Extending RISC-V ISA With a Custom Instruction Set Extension
By Codasip
Introduction
RISC-V ISA (Instruction Set Architecture) is designed in a modular way. It means that the ISA has several groups of instructions (ISA extensions) that can be enabled or disabled as needed. This allows implementing precisely the instruction groups that the application needs, without having to pay for area or power that will not be used. One of the groups is special; it has no predefined instructions. Designers can add any instruction they need for the application that they want to accelerate. This is a powerful feature, as it does not break any software compatibility and leaves space for invention and differentiation at the same time. This whitepaper describes how to add application-specific instructions (custom ISA extension) and how to build all the needed tools in SDK, as well as implementing the custom ISA extension in HDL (e.g. Verilog).

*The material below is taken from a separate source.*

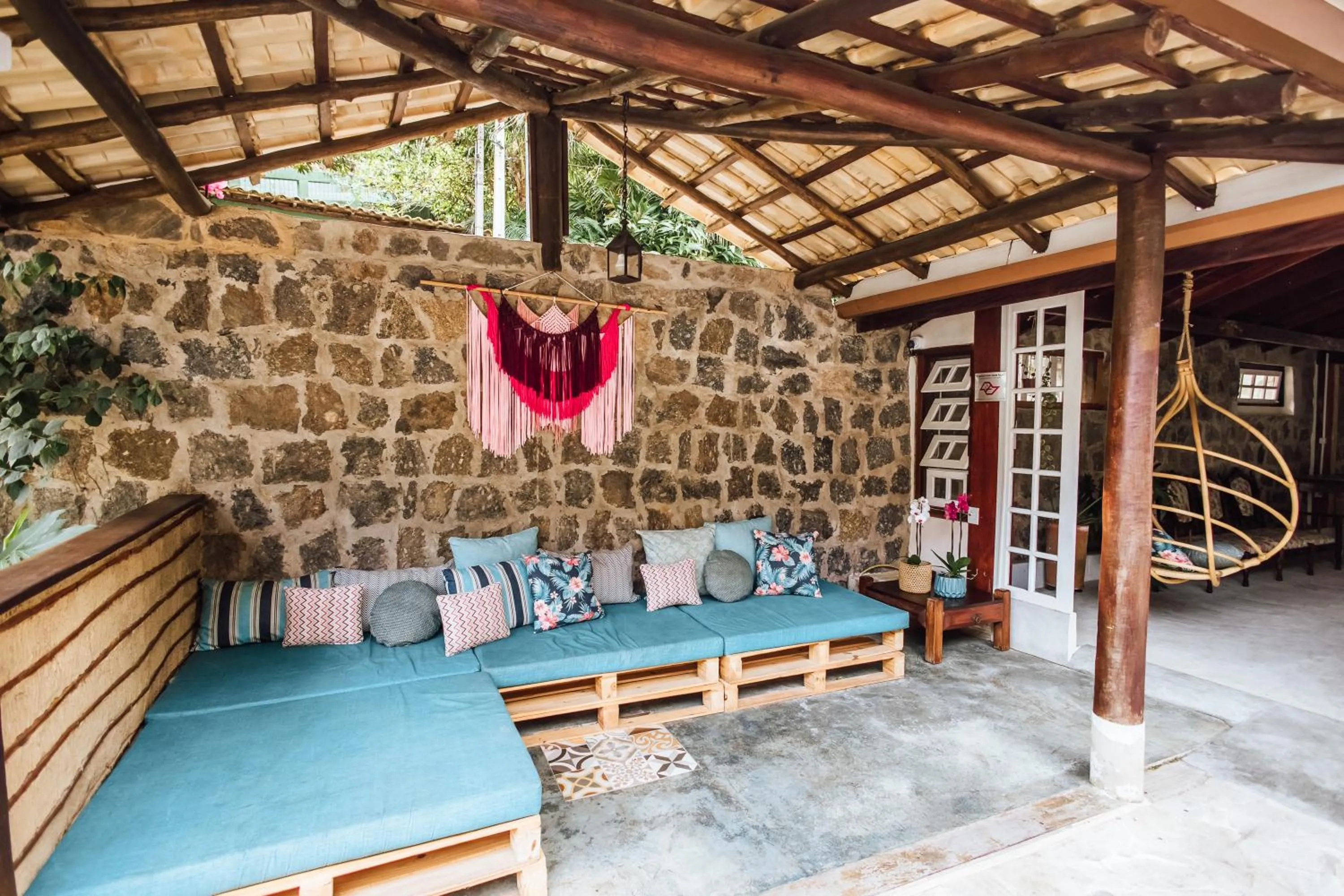 Seating area in VELINN Pousada Santa Tereza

RISC-V Instruction Set Architecture
RISC-V ISA is organized into groups of instructions (ISA extensions). You can mix and match them as you want. For instance, you may have a RISC-V processor that implements the bare minimum, or a RISC-V processor that implements all ISA extensions, depending on the design needs.
The following table lists the main ISA extensions that have been ratified by RISC-V Foundation, and ISA extensions that are currently under development.
ISA Extension | Ratified | Notes |
I/E | Yes | Instructions for basic Integer operations. This is the only extension that is mandatory. I requires 32 registers, E requires only 16. |
M | Yes | Instructions for multiplication and division |
C | Yes | Compact instructions that have only 16bit encoding. This extension is very important for applications requiring low memory footprint. |
F | Yes | Single-precision floating-point instructions |
D | Yes | Double-precision floating-point instructions |
A | Yes | Atomic memory instructions |
B | No | Bit manipulation instructions. The extension contains instructions used for bit manipulations, such as rotations or bit set/clear instructions. |
V | No | Vector instructions that can be used for HPC. |
P | No | DSP and packed SIMD instructions needed for embedded DSP processors. |
The table above will be extended in the future as more ISA extensions are added.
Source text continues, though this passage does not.